As the 24th or 25th serious Democratic presidential candidate, former Congressman and Vice Admiral Joseph Sestak, announced his candidacy the other day, I shook my head and turned to my bookshelves. That doesn’t reflect on the Admiral’s qualifications. Sometimes, though, there’s too much of a good thing, even in politics.

I note some unkind person has made a posting about politics being a synonym for poli-ticks, which is to say, many blood-sucking parasites.

The late George Thayer published his unjustly neglected The Farther Shores of Politics, a discussion of the American political fringe, in 1967. He wrote well, with dry wit, an eye for idiosyncratic detail, a sense of fair play, and an honest man’s unsentimental sympathy for the underdog. The Farther Shores is among the handful of books I revisit every other year or so.

It closes with an essay on a colorful independent presidential candidate.
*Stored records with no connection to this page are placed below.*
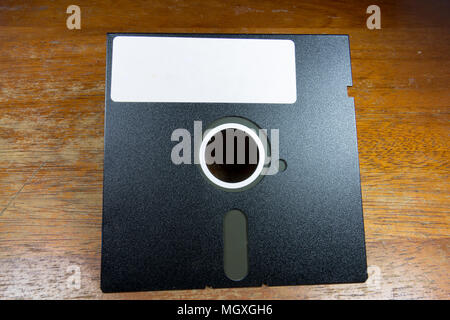 A 5¼-inchfloppy disk sitting on a table. Stock Photo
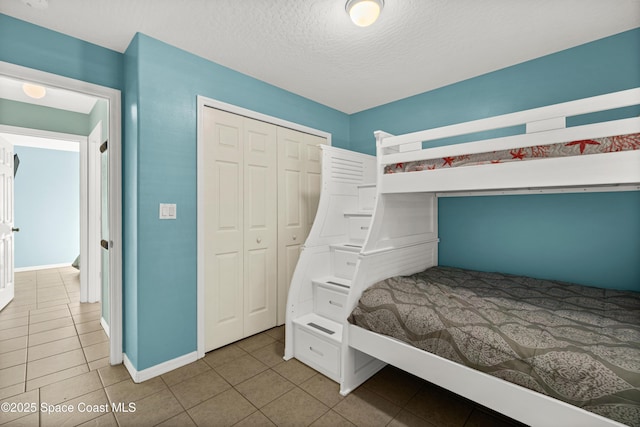 105 Ocean View Ln, Melbourne, FL 32903 - unfurnished bedroom with tile patterned floors, a closet, and a textured ceiling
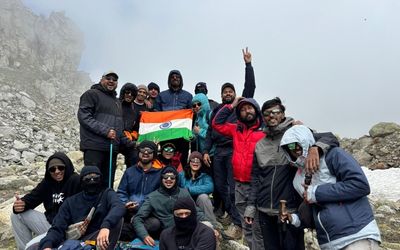 Our group posing at the top of Hampta Pass at 14,000 feet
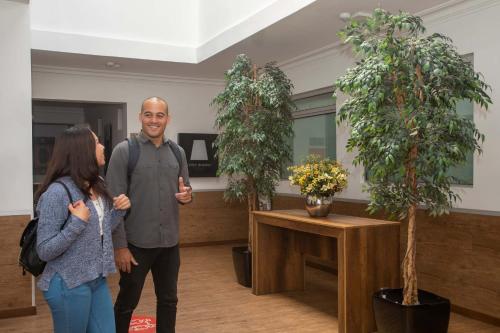 a man and a woman standing next to two potted trees at Casa Andina Standard Cusco Catedral in Cusco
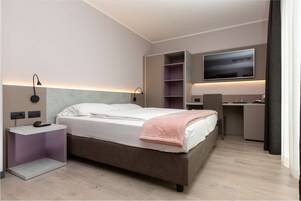Una habitación de hotel moderna con cama, mesita de noche, lámpara, televisión y estanterías empotradas.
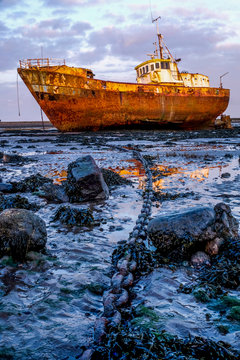 Rusty old fishing vessel marooned at low tide on a mud bank a long anchor chain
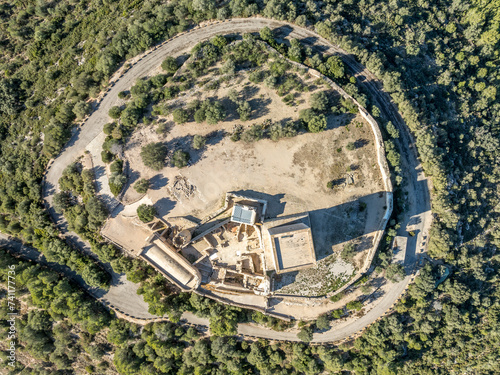 Aerial view of Ulldecona castle, Serra Grossa mountain top, former frontier fortified complex old church, emblematic circular tower and square keep photo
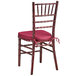 A Lancaster Table & Seating mahogany chiavari chair with a wine red cushion.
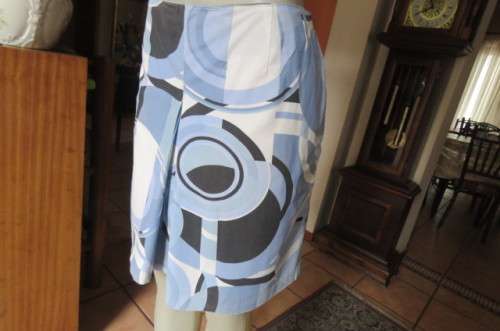 Geometric printed kneelength skirt in blues,cream and black by JEEP in size 42/18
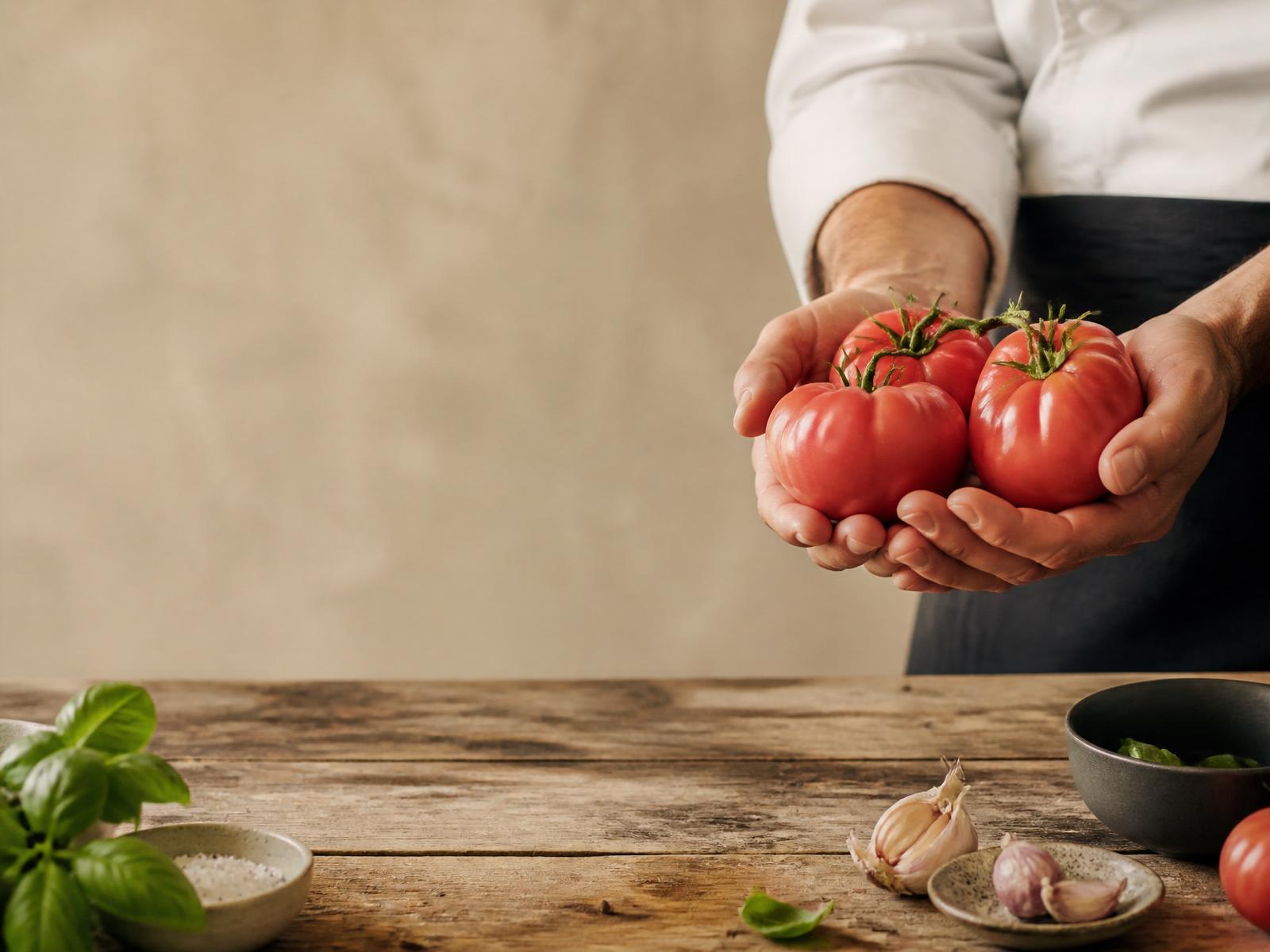 A chef holding fresh ripe tomatoes over a rustic kitchen table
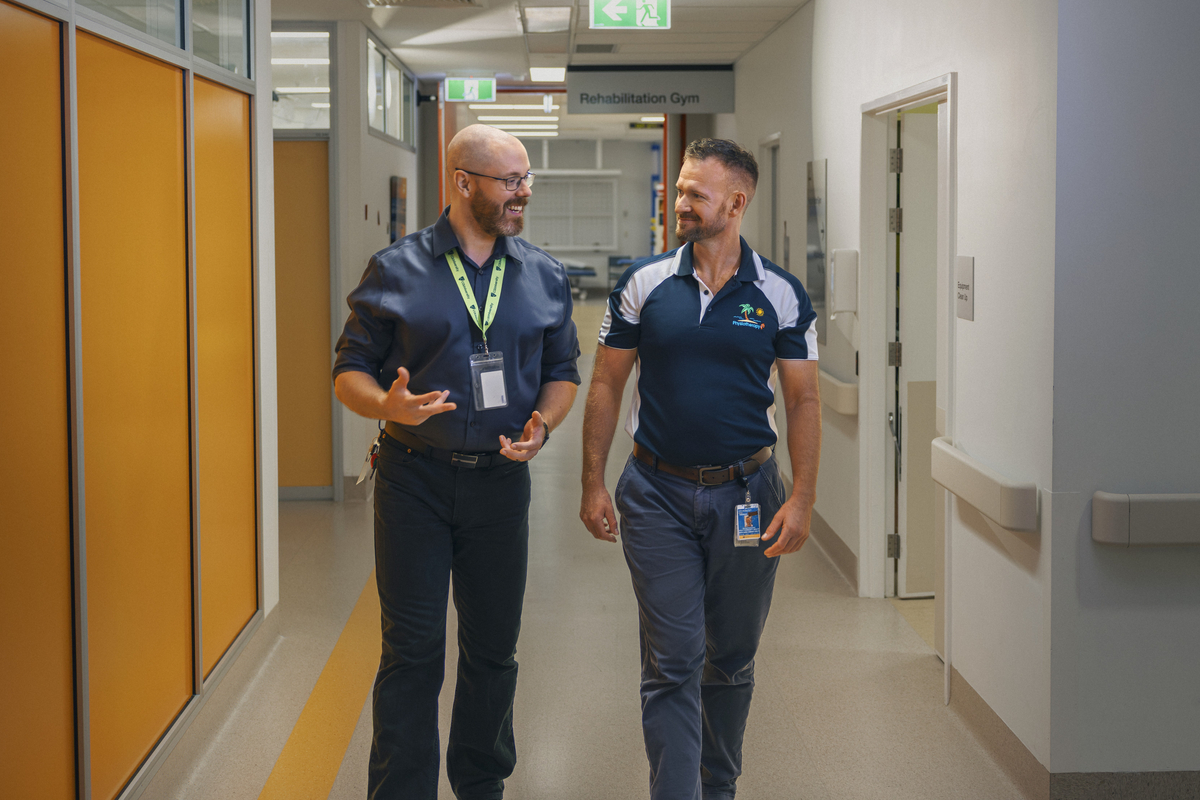 CQU staff member walking with an industry leader down a hallway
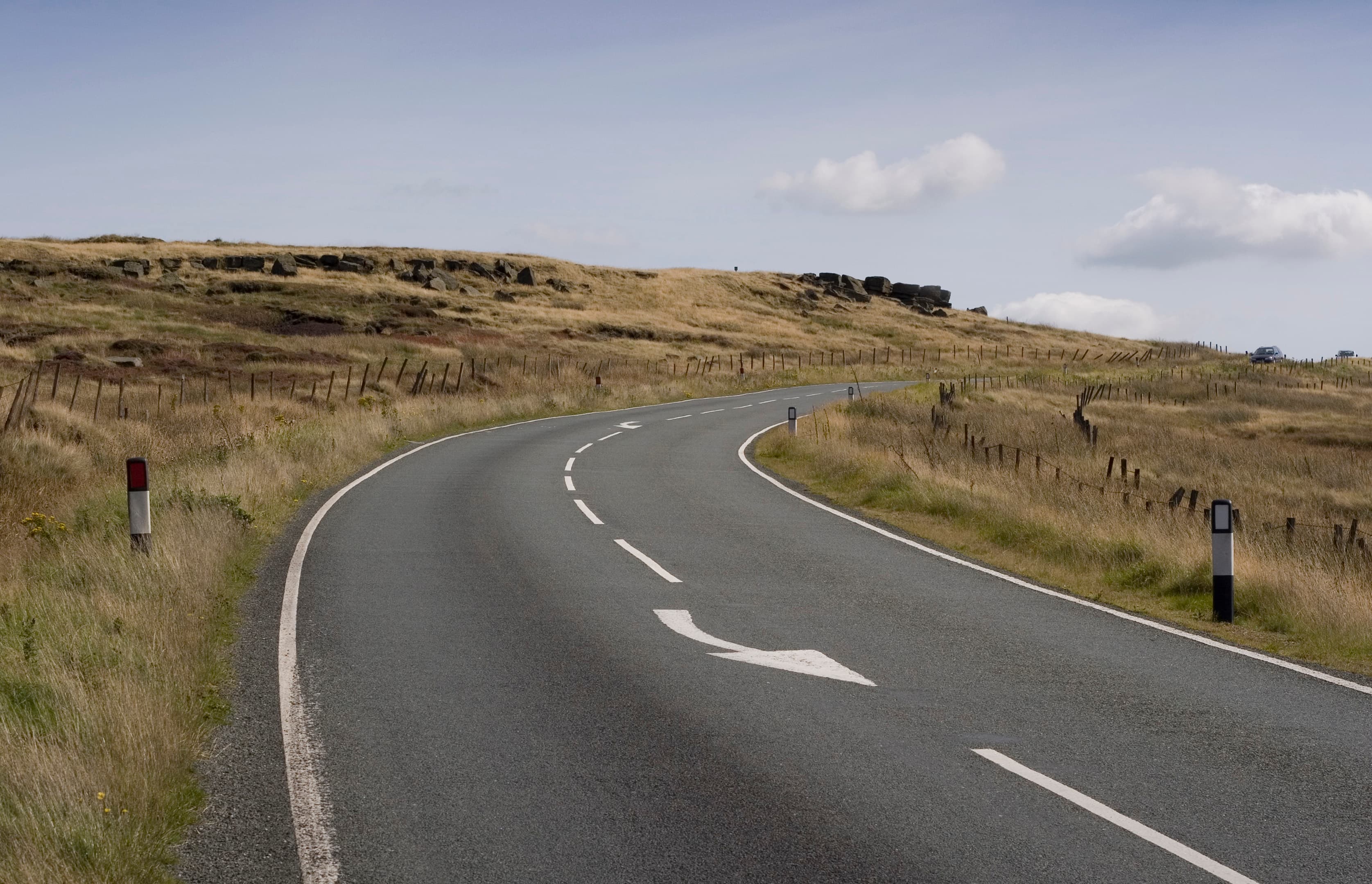 The A635 Holmfirth Road passes by Hollin Brown Knoll on Saddleworth Moor, Saddleworth, Greater Manchester, England. The rocks in the distance were mentioned by murderer Myra Hindley as visible during the burial of victim Pauline Reade.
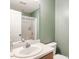Well-lit bathroom with a single sink vanity and a shower with a white shower curtain at 1850 Crissy Ln, Graham, NC 27253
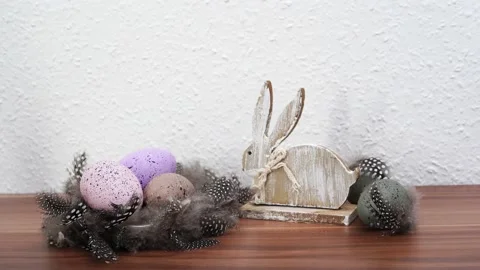 Easter eggs in the nest of feathers and wooden rabbit Stock Footage 234069026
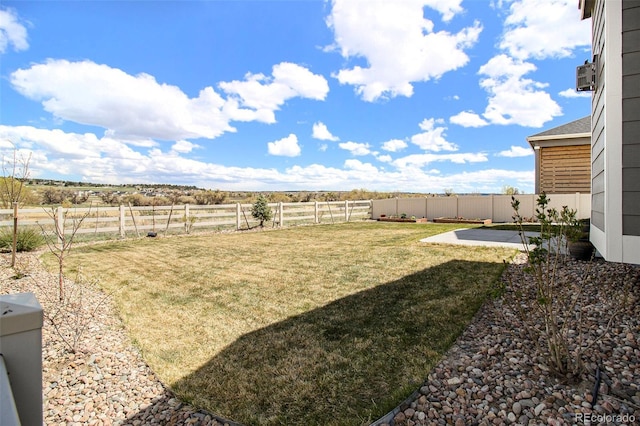view of yard with a patio, a fenced backyard, and a rural view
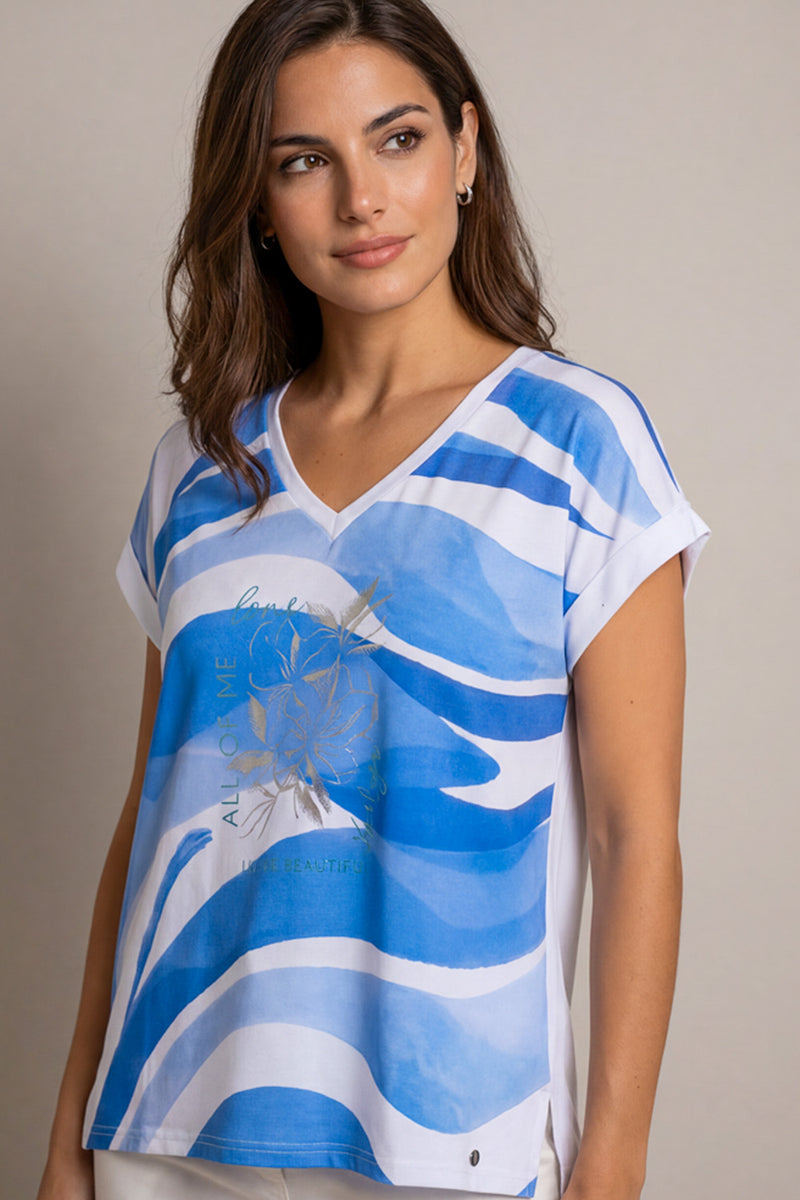 Γυναικεία μπλούζα με V λαιμόκοψη και μπλε abstract σχέδιο σε άνετη γραμμή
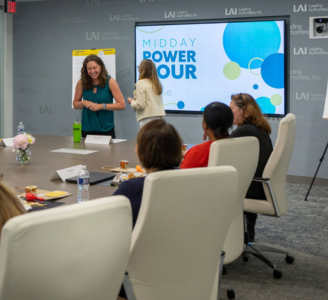 A conference room is pictured with people at a live event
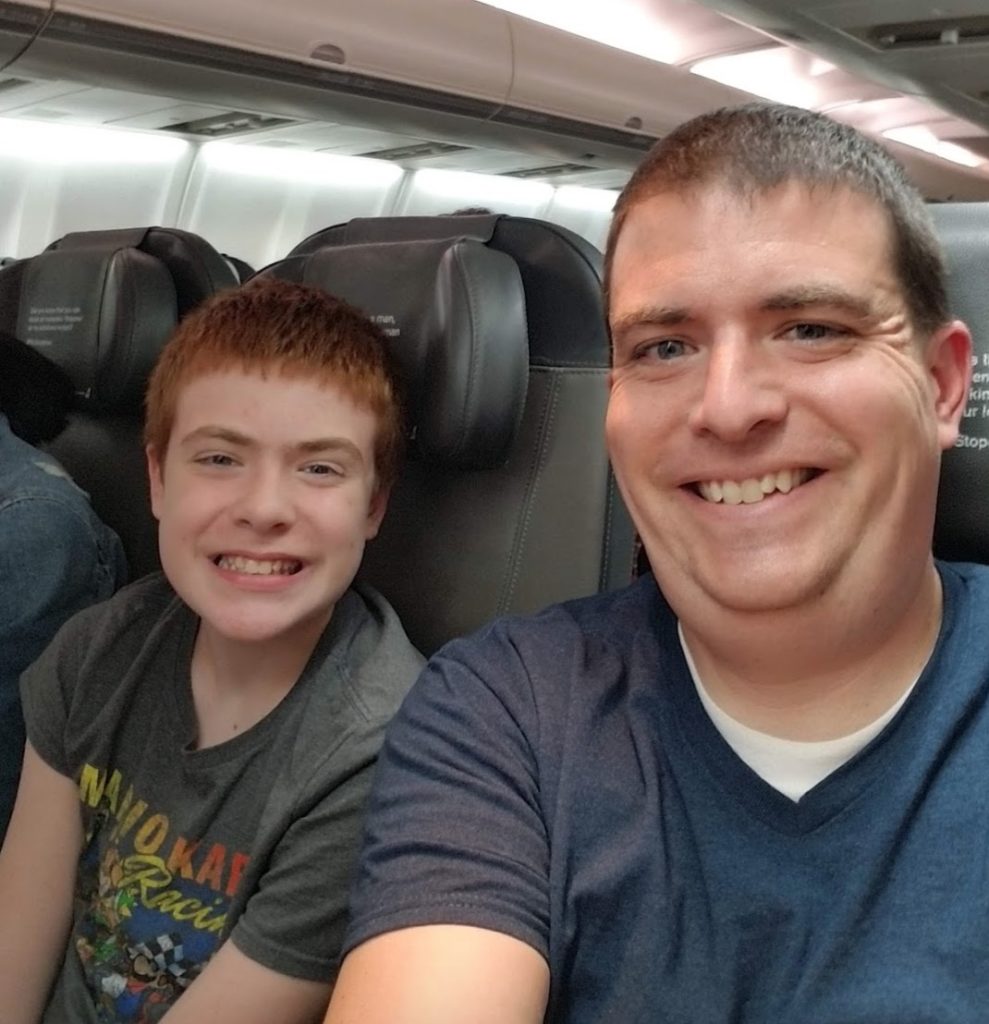 a man and boy sitting in a plane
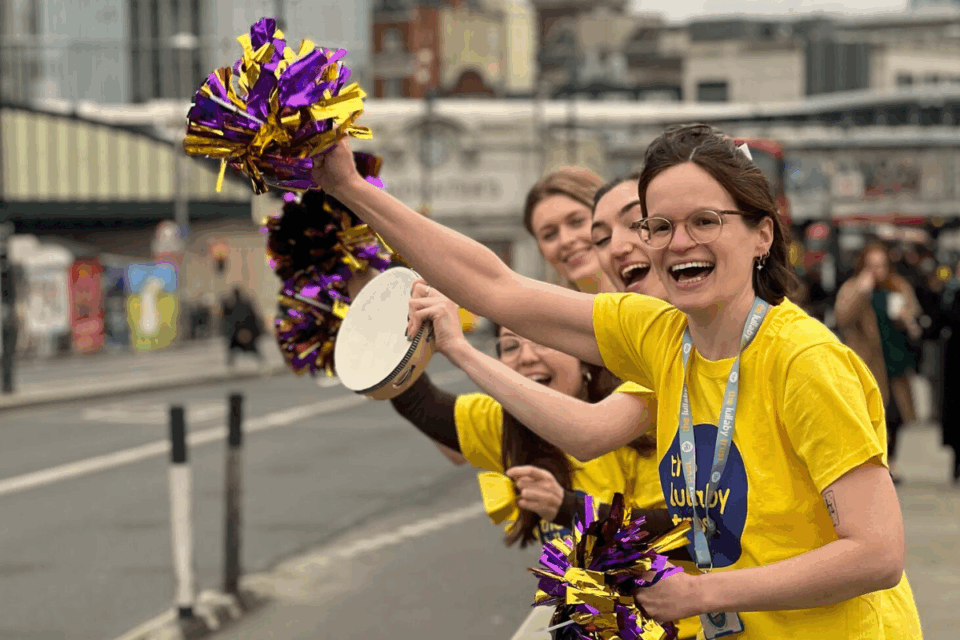 Four people in Lullaby Trust t-shirts cheer along the side of a road. The woman at the front waves a purple and gold pom-pom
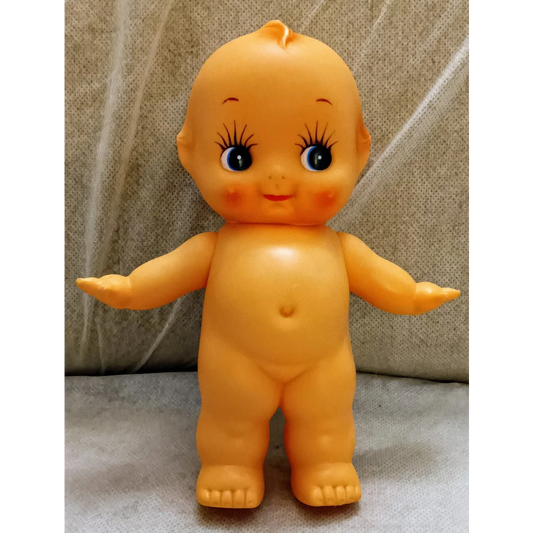Vintage Kewpie Doll in orange plastic with angel wings and smiling face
One contemplates the traditional, even classical images of our Presidents’ youth: Washington surveying the Virginia frontier, or Lincoln reading law by candlelight after working in the fields. Then there’s Henry B. Krajewski slopping hogs in Secaucus.

The pigs got him into politics. Until the early-1950s, Secaucus was a big pig-farming town, with some 75,000 pigs on 35 farms within its borders—more pigs than people. Drivers emerging from the Lincoln Midtown Tunnel immediately sensed they were in Secaucus from the stench: not of pigs (which are cleanly animals) but their feed: tons of rotting scraps from New York City and Newark restaurants.

The oldest of 11 children, Krajewski was born on July 15, 1912 in Jersey City’s Second Ward, the home of Democratic party boss Frank “I am the law in Jersey City” Hague. He pronounced his last name as Kra-ef-ski, although he didn’t mind people pronouncing it as spelled. One of his campaign fliers said he’d “been a messenger boy, errand boy, drove farm trucks, worked as a farm hand, sold newspapers, worked as a slaughter and skin man in the local piggeries and has also chopped wood for a living. He speaks and understands six languages and plays piano, accordion, guitar, banjo, organ, drum, and bugle.” He also had inherited a five-acre farm with 4000 pigs and Tammany Hall, a bar in the heart of the pig-farming district.

New Jersey Governor Alfred Driscoll claimed Secaucus farmers could raise pigs without raising a stink. Krajewski denounced him: “Before he picks on the pig farmers, he’d better clean up other sections of Jersey that smell worse than Secaucus,” he said indignantly. “Take the industrial area near the Pulaski Skyway—it smells like embalming fluid...”

Local officials started pestering him. In 1950, he was arrested for selling liquor to a minor in his tavern. He was only acquitted after 10 years of hearings and trials before the State Alcoholic Beverage Control Board and the state courts. Not unreasonably, Krajewski believed this a political prosecution because he wouldn’t roll over for Gov. Driscoll. Thus, as William Lowndes Yancey said of Jefferson Davis, the man and the hour were met.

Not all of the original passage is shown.